Estimation : 300 000 / 400 000 € - Adjudication : 2 360 600 €

Toile
Hauteur : 71 – Largeur : 71 cm
Restaurations anciennes, déchirures et manques

Vente du 19 décembre 2017 à l’Hôtel Drouot à Paris par Maître Joron-Derem

Notice de l'œuvre

Découverte par Maître Joron-Derem, cette saisissante Sainte Catherine d’Alexandrie était alors totalement inédite. Malgré des déchirures et des manques, la qualité exceptionnelle de cette toile est une évidence. L’éclairage dramatique, le regard pénétrant, la qualité des drapés nous orientent vers la plus fameuse des femmes peintres du XVIIème siècle, Artemisia Gentileschi. Le jeu des ombres et des lumières, le rendu des matières sont des réminiscences du Caravage qui travaille avec son père Orazio Gentileschi au début du XVIIème siècle et qui aura une influence certaine sur son art.  La comparaison avec L’Autoportrait en joueuse de luth (Hartford, Wadsworth Atheneum) corrobore cette intuition presque immédiate : nous sommes en présence d’un autoportrait jusqu’alors inconnu, même si une autre Sainte Catherine, avec de nombreuses variantes, est conservée à la Galerie des Offices à Florence.

Cette dernière est datée vers 1614-16, c'est à dire de la période florentine de l'artiste lorsque l'influence de son père Orazio est encore présente.
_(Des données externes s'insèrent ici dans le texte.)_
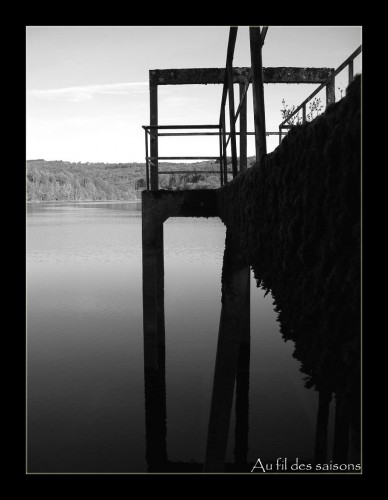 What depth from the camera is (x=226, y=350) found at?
169 inches

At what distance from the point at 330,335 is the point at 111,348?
34.8 feet

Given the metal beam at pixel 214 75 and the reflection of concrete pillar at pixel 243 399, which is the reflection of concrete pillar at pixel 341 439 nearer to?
the reflection of concrete pillar at pixel 243 399

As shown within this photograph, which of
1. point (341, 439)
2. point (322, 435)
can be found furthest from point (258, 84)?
point (322, 435)

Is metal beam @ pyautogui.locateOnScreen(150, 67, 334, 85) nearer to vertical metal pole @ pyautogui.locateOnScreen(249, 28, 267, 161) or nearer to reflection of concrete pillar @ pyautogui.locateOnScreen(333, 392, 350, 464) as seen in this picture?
vertical metal pole @ pyautogui.locateOnScreen(249, 28, 267, 161)

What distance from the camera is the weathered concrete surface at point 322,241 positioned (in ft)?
3.21

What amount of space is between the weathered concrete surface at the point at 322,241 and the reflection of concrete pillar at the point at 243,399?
4.54 metres

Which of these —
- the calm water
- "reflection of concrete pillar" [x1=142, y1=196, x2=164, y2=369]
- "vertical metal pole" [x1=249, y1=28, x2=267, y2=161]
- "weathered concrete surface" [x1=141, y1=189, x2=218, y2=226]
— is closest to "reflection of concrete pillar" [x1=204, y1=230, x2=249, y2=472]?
"weathered concrete surface" [x1=141, y1=189, x2=218, y2=226]

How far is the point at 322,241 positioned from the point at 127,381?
8.75 m

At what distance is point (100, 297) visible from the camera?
16.8 meters

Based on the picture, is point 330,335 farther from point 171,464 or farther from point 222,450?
point 171,464

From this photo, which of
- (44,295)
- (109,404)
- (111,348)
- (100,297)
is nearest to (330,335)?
(109,404)

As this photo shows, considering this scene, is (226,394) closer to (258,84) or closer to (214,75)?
(258,84)

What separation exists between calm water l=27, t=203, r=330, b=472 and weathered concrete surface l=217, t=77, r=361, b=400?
620 cm

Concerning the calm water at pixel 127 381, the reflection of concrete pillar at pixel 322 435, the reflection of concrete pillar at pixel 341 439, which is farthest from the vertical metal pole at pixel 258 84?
the calm water at pixel 127 381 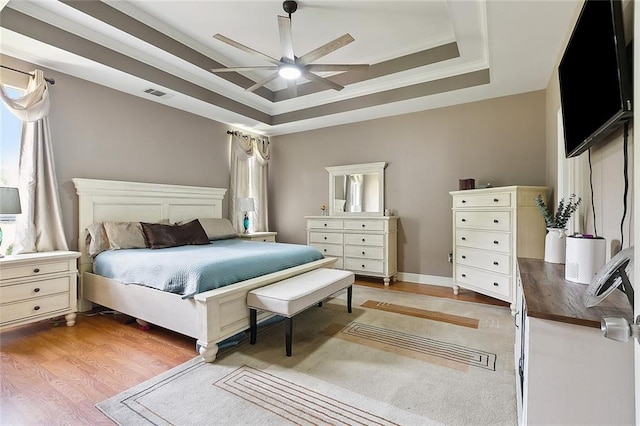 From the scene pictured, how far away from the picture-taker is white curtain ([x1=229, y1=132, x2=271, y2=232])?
5.16m

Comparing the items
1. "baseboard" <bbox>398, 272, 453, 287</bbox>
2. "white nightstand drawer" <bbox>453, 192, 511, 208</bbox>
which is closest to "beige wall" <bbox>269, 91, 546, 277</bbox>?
"baseboard" <bbox>398, 272, 453, 287</bbox>

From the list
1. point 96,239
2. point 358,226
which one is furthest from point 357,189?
point 96,239

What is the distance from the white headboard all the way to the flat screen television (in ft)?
13.8

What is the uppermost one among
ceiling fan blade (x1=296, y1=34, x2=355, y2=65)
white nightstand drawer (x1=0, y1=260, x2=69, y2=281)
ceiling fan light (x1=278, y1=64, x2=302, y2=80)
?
ceiling fan blade (x1=296, y1=34, x2=355, y2=65)

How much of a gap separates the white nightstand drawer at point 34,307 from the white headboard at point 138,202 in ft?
1.63

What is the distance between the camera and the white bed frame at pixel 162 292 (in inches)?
89.1

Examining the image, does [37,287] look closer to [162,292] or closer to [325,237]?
[162,292]

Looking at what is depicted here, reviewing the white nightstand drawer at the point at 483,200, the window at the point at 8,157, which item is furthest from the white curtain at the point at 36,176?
the white nightstand drawer at the point at 483,200

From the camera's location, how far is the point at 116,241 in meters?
3.26

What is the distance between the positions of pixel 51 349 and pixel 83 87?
8.74 ft

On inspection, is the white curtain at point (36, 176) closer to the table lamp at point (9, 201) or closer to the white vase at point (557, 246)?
the table lamp at point (9, 201)

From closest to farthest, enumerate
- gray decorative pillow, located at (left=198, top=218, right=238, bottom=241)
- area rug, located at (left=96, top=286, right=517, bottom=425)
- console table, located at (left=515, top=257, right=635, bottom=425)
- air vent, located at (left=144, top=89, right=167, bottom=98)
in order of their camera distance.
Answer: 1. console table, located at (left=515, top=257, right=635, bottom=425)
2. area rug, located at (left=96, top=286, right=517, bottom=425)
3. air vent, located at (left=144, top=89, right=167, bottom=98)
4. gray decorative pillow, located at (left=198, top=218, right=238, bottom=241)

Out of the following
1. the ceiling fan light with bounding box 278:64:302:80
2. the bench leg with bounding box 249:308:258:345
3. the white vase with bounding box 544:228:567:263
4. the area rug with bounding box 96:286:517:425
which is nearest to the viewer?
the area rug with bounding box 96:286:517:425

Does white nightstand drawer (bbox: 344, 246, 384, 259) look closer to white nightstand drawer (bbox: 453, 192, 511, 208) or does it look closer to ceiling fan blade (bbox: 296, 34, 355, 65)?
white nightstand drawer (bbox: 453, 192, 511, 208) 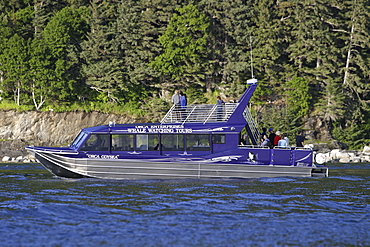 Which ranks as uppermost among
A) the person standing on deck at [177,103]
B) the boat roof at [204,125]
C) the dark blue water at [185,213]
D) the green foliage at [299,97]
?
the green foliage at [299,97]

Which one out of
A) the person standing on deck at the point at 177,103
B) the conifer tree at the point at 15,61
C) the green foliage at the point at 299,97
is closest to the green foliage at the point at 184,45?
the green foliage at the point at 299,97

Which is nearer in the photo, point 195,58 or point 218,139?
point 218,139

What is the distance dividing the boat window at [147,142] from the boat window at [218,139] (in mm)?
2593

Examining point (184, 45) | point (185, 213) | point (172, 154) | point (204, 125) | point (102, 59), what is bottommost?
point (185, 213)

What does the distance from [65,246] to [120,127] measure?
11734 millimetres

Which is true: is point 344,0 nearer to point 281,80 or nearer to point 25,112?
point 281,80

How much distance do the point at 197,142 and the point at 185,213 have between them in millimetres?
8104

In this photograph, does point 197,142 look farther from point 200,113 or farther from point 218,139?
point 200,113

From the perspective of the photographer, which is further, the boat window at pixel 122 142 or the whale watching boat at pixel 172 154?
the boat window at pixel 122 142

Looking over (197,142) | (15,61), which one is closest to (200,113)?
(197,142)

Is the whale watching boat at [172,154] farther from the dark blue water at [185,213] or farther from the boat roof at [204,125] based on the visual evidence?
the dark blue water at [185,213]

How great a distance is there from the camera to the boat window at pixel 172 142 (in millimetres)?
23375

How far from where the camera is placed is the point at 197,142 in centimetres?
2353

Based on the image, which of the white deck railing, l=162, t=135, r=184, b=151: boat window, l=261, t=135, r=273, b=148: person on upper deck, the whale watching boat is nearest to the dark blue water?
the whale watching boat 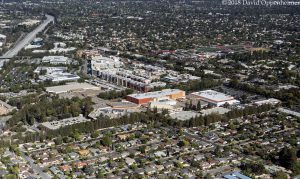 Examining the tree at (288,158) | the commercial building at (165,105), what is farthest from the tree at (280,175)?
the commercial building at (165,105)

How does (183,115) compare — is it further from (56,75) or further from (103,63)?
(103,63)

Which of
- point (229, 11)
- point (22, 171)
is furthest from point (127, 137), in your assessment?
point (229, 11)

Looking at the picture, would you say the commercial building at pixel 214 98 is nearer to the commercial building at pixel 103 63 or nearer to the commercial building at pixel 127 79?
the commercial building at pixel 127 79

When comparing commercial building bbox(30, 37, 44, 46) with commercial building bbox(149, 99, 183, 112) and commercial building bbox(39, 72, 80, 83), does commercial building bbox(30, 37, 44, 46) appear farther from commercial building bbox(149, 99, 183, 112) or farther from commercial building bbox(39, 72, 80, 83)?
commercial building bbox(149, 99, 183, 112)

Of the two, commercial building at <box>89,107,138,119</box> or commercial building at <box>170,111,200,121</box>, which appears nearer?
commercial building at <box>170,111,200,121</box>

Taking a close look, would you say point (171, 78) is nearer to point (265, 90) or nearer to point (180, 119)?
point (265, 90)

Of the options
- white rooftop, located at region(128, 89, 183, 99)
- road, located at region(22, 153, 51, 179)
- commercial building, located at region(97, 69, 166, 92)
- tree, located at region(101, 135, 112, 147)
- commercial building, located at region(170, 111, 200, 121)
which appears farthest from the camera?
commercial building, located at region(97, 69, 166, 92)

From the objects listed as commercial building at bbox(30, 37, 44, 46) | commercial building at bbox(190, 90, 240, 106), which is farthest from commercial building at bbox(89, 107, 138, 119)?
commercial building at bbox(30, 37, 44, 46) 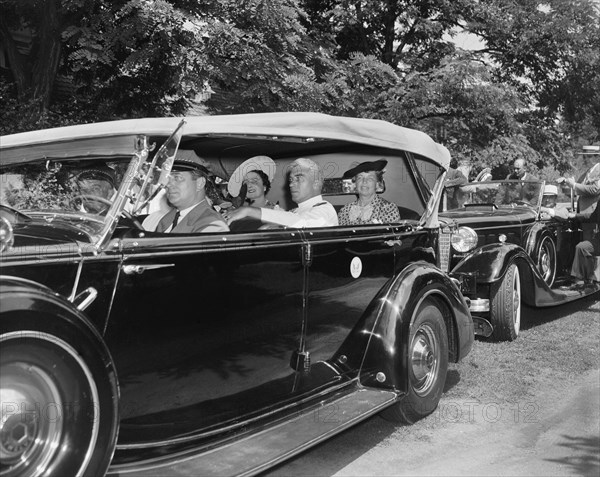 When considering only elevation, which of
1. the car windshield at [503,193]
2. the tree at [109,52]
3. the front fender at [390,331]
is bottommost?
the front fender at [390,331]

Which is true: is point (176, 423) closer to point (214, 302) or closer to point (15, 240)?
point (214, 302)

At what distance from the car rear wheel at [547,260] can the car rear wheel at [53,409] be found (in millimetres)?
6563

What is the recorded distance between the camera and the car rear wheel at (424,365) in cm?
395

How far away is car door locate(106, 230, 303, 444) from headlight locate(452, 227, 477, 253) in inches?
157

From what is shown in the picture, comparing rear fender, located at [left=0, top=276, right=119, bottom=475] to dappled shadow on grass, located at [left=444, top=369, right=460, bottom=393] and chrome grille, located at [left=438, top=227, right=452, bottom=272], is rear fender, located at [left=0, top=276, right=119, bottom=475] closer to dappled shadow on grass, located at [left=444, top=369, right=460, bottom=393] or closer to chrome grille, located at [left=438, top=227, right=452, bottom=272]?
dappled shadow on grass, located at [left=444, top=369, right=460, bottom=393]

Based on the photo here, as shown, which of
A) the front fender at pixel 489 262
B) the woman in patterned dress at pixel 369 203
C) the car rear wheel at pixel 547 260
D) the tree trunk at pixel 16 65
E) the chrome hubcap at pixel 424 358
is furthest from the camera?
the tree trunk at pixel 16 65

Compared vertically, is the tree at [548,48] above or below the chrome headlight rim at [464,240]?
above

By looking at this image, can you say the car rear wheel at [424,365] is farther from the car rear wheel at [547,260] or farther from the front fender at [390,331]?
the car rear wheel at [547,260]

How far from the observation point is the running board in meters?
2.45

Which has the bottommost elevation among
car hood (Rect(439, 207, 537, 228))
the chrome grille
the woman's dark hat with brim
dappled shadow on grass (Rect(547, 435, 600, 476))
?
dappled shadow on grass (Rect(547, 435, 600, 476))

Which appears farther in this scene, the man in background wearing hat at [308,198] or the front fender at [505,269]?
the front fender at [505,269]

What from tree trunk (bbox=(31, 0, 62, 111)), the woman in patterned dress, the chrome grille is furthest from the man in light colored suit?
tree trunk (bbox=(31, 0, 62, 111))

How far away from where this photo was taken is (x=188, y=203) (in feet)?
11.5

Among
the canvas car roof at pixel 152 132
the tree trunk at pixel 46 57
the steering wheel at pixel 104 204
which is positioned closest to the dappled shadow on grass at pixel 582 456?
the canvas car roof at pixel 152 132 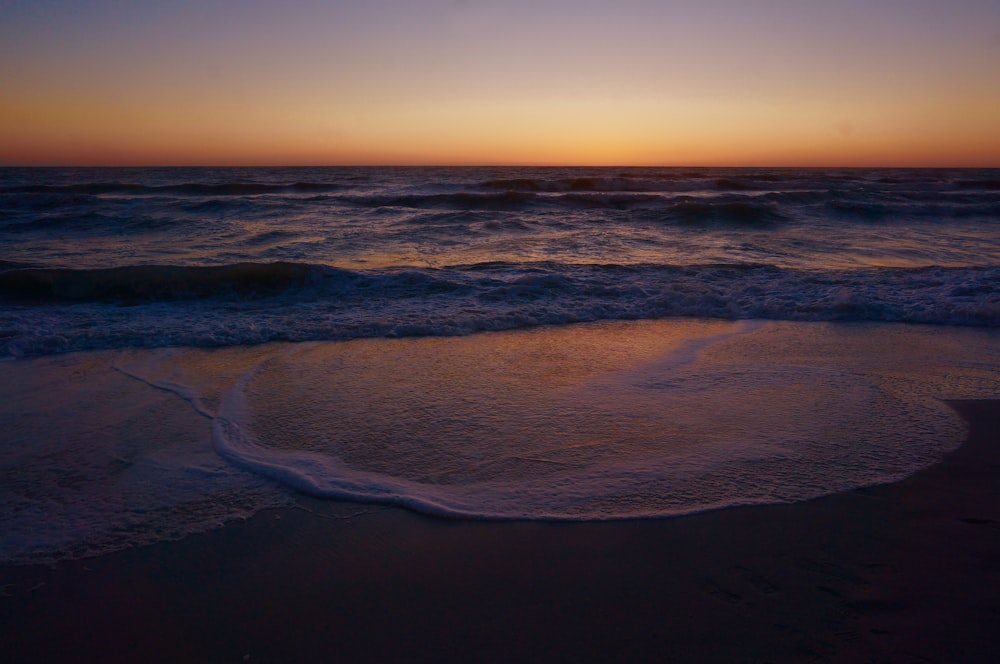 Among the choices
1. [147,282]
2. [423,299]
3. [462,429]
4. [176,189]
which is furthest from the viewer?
[176,189]

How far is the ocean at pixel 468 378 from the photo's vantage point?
3.59 m

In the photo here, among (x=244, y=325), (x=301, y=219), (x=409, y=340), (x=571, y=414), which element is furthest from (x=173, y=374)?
(x=301, y=219)

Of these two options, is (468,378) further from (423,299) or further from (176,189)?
(176,189)

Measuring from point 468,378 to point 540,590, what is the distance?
9.86 feet

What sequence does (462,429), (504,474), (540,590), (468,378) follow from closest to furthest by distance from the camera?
(540,590)
(504,474)
(462,429)
(468,378)

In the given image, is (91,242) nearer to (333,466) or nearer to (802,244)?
(333,466)

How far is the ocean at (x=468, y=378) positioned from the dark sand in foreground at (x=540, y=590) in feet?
0.76

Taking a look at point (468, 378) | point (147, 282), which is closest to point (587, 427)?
point (468, 378)

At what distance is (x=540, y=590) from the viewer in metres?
2.68

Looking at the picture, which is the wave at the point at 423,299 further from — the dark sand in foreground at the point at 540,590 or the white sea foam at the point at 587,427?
the dark sand in foreground at the point at 540,590

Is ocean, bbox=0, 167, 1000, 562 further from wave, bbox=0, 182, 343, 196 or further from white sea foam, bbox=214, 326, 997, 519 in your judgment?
→ wave, bbox=0, 182, 343, 196

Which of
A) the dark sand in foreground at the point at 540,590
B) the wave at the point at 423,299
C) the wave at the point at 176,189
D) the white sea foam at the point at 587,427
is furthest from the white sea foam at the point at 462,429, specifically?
the wave at the point at 176,189

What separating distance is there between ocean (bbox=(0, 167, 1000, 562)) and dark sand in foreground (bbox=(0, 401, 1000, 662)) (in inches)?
Answer: 9.2

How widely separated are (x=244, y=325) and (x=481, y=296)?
3.43 meters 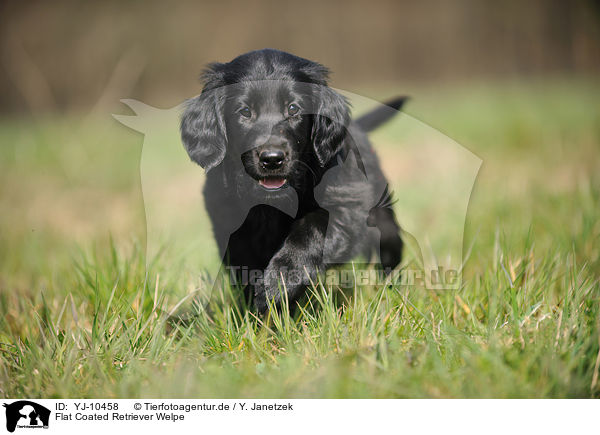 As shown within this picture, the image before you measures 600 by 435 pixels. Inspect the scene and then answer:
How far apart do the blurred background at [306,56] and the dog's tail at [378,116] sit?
0.61 ft

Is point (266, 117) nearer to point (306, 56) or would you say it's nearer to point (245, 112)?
point (245, 112)

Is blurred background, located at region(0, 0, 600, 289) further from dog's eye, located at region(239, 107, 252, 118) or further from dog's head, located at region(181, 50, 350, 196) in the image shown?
dog's eye, located at region(239, 107, 252, 118)

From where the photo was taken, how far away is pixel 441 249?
2.72 meters

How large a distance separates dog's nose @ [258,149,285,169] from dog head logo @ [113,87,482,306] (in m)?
0.16

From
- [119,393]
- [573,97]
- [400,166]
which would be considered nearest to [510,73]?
[573,97]

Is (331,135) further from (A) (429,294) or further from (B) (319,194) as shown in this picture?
(A) (429,294)

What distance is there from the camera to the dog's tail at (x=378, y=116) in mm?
2293

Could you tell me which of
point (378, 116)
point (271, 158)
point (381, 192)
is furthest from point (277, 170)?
point (378, 116)

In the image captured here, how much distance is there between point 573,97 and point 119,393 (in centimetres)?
693
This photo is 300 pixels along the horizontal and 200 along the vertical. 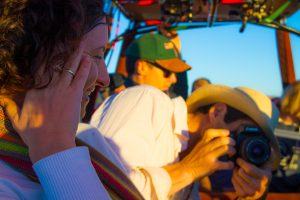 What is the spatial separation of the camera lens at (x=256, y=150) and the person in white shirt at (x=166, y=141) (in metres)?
0.03

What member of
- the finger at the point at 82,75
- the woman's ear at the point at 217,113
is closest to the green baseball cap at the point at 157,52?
the woman's ear at the point at 217,113

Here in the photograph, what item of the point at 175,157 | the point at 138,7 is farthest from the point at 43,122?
the point at 138,7

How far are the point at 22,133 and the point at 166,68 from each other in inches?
51.5

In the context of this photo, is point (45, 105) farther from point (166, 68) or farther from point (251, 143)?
point (166, 68)

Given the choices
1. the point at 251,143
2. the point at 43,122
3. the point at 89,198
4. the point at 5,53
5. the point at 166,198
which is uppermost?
the point at 5,53

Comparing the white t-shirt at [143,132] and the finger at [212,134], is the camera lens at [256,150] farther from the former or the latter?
the white t-shirt at [143,132]

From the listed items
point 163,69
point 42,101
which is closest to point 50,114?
point 42,101

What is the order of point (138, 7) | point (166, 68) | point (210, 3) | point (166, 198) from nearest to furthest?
1. point (166, 198)
2. point (166, 68)
3. point (210, 3)
4. point (138, 7)

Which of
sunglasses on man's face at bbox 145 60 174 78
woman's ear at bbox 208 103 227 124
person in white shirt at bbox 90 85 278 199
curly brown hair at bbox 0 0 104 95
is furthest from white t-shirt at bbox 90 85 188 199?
curly brown hair at bbox 0 0 104 95

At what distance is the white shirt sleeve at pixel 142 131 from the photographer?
1251 millimetres

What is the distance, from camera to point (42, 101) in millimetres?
639

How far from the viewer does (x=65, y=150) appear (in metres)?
0.64

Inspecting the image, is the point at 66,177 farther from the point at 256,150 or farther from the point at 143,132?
the point at 256,150

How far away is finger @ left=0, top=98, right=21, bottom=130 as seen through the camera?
65 centimetres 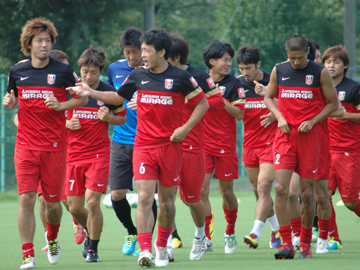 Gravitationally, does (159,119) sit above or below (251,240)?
above

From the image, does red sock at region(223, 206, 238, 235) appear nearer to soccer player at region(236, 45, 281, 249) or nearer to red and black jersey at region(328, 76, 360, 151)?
soccer player at region(236, 45, 281, 249)

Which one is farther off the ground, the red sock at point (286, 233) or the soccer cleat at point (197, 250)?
the red sock at point (286, 233)

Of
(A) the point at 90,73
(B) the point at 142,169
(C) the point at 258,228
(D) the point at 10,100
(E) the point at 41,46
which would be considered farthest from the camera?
(C) the point at 258,228

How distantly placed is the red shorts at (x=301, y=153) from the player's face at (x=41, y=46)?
2.88 metres

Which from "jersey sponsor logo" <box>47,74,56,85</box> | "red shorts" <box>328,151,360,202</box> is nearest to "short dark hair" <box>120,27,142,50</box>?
"jersey sponsor logo" <box>47,74,56,85</box>

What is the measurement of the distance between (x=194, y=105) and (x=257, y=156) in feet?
5.30

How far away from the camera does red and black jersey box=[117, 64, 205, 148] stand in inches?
251

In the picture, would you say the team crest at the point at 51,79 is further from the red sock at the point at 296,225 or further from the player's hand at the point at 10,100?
the red sock at the point at 296,225

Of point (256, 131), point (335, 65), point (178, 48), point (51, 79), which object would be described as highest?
point (178, 48)

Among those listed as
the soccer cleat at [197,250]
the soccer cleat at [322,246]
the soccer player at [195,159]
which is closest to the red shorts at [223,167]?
the soccer player at [195,159]

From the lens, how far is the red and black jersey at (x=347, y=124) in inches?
322

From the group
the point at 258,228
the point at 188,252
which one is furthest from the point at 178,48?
the point at 188,252

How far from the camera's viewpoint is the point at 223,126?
27.1ft

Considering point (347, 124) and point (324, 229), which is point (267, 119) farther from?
point (324, 229) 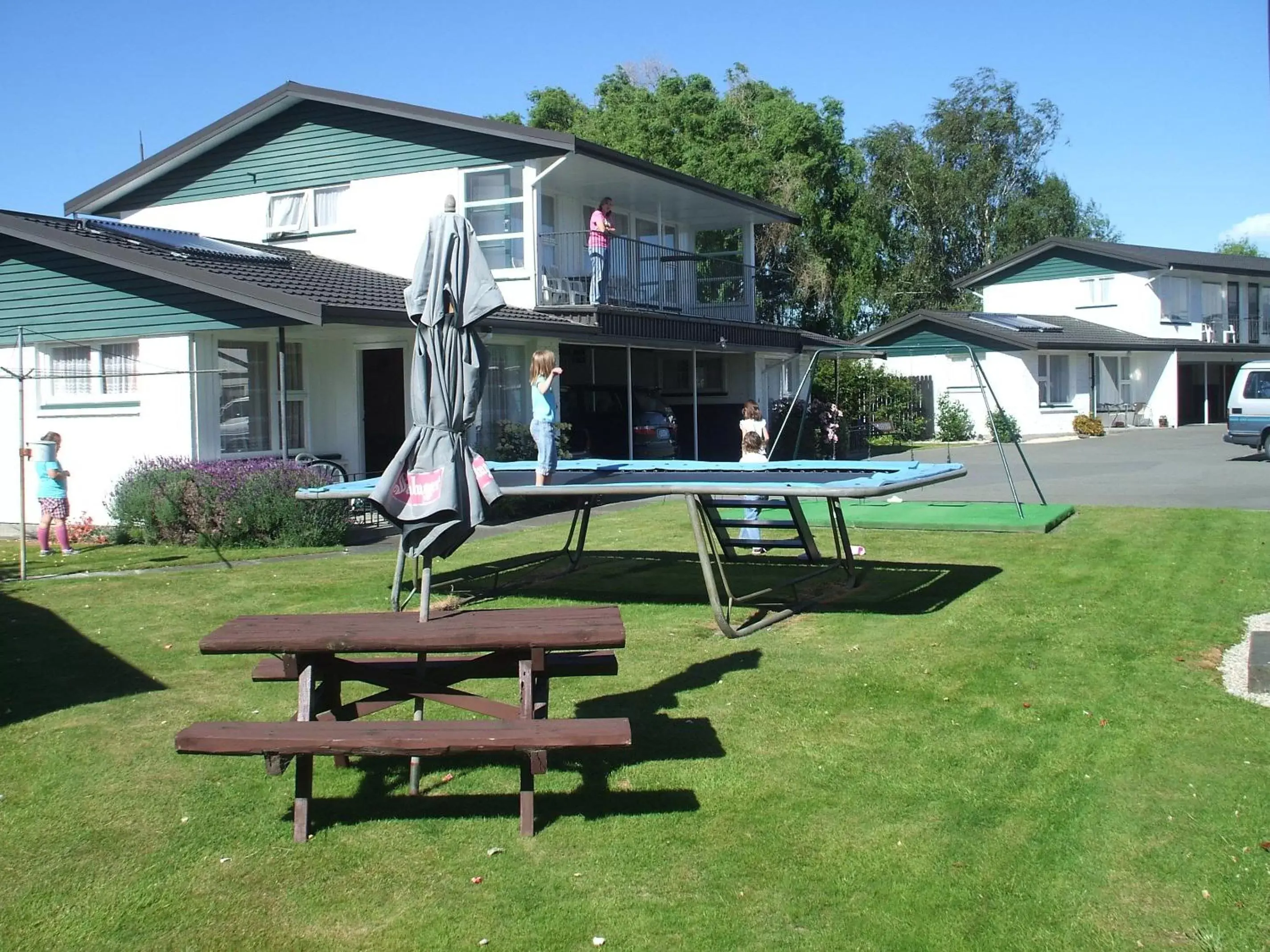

La composition d'ensemble, à mi-corps, les positions des bras et des mains, et les dimensions sont similaires (76 x 62 cm), mais on note d'importantes variantes. A Florence, la figure est coiffée d'une imposante couronne ornée de pierres de couleur, alors qu'ici elle porte un turban dont un pan de tissu retombe derrière l'épaule ; dans le premier, la palme est plus basse et coupée par le bord gauche de la toile ; enfin la roue dentée est dans l'angle inférieur gauche, sous la main de la sainte et non pas derrière comme ici. Autre changement, sur la toile des Offices, le voile transparent couvre la poitrine et l'épaule gauche, tandis qu'il part de l'épaule droite et s'étend sur la manche droite ici. Notre œuvre peut aussi être rapprochée de l'Autoportrait en martyre (collection privée, 31,5 x 24,5 cm) au cadrage plus serré sur le visage.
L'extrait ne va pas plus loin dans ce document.